Please note here that 1x8 DEMUX requires 3 select lines. Hence we need to use input line as 3rd select line.

Now we have 16 bits address having 2 bits for ENABLE inputs (A,B) and another bit C I will take for Input line.

So overall I am taking first three bits of address as DEMUX select lines so that it activates one of the 8 output lines at a time, which will select one of the 8 RAM blocks.

A B C                          

First two bits (AB) of the address will act as enable of decoder (because it is as mentioned in question), third bit C will act as input line, and combination of ABC together will activate the respective output line. A is MSB here and C will be LSB.
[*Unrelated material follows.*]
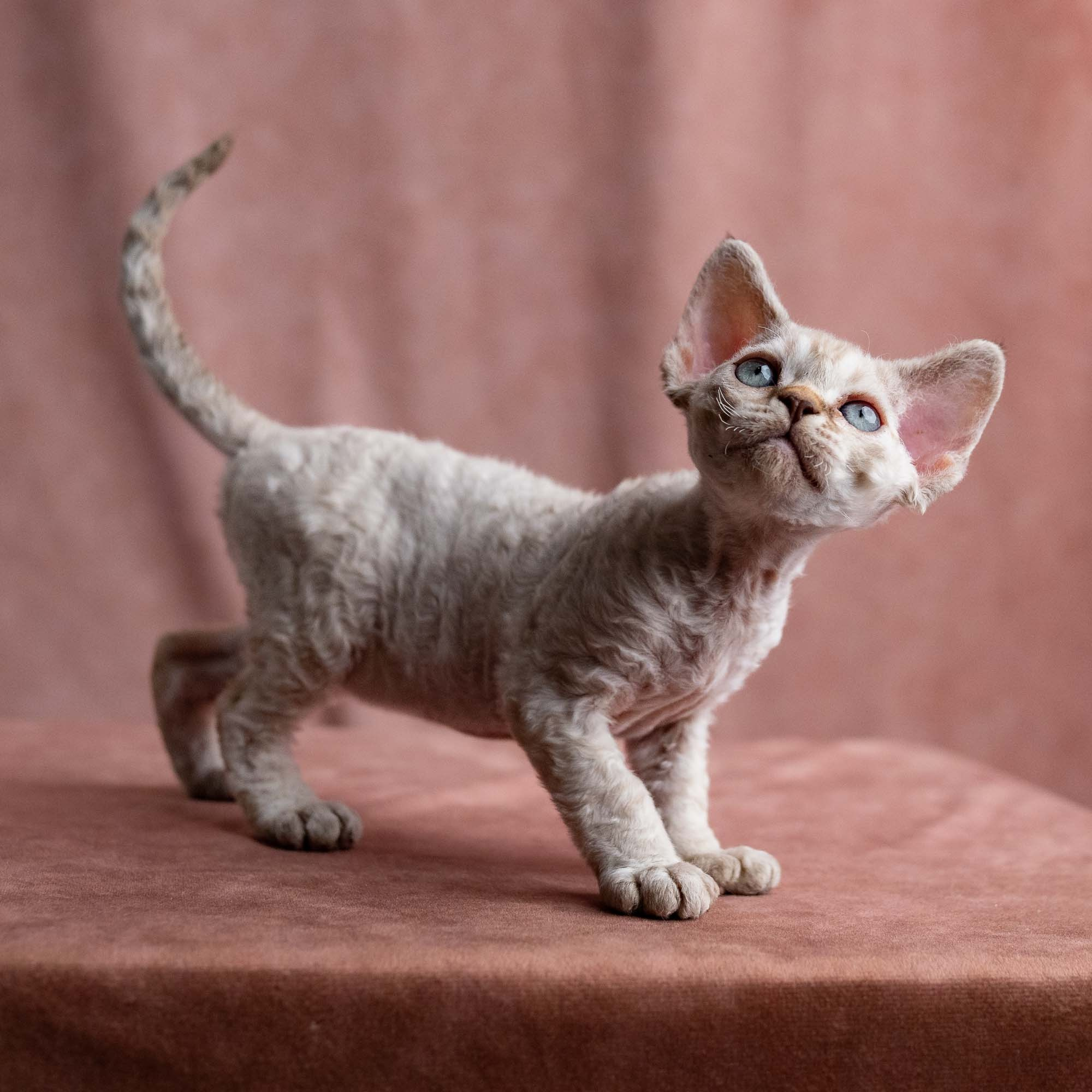 Viggo, boy, born on 08.27.2026. Devon Rex Pixie Cattery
Now we have 13 bits that can be the maximum possible address bits which can be used for memory. So size of each memory block will be $2^{13}$ bits or $2^{10}$ Bytes or $1KB$

If you want to calculate the address Range :

Block 1 will get selected when ABC=000 and address range will be from 0000000000000000 to 0001111111111111  $[0000-1FFF]$ in Hex

Block 2 will get selected when ABC=001 and address range will be from 0010000000000000 to 0011111111111111 $[2000-3FFF]$ in Hex

Block 3 will get selected when ABC=010 and address range will be from 0100000000000000 to 0101111111111111 $[4000-5FFF]$ in Hex

And so on.... Hope its correct.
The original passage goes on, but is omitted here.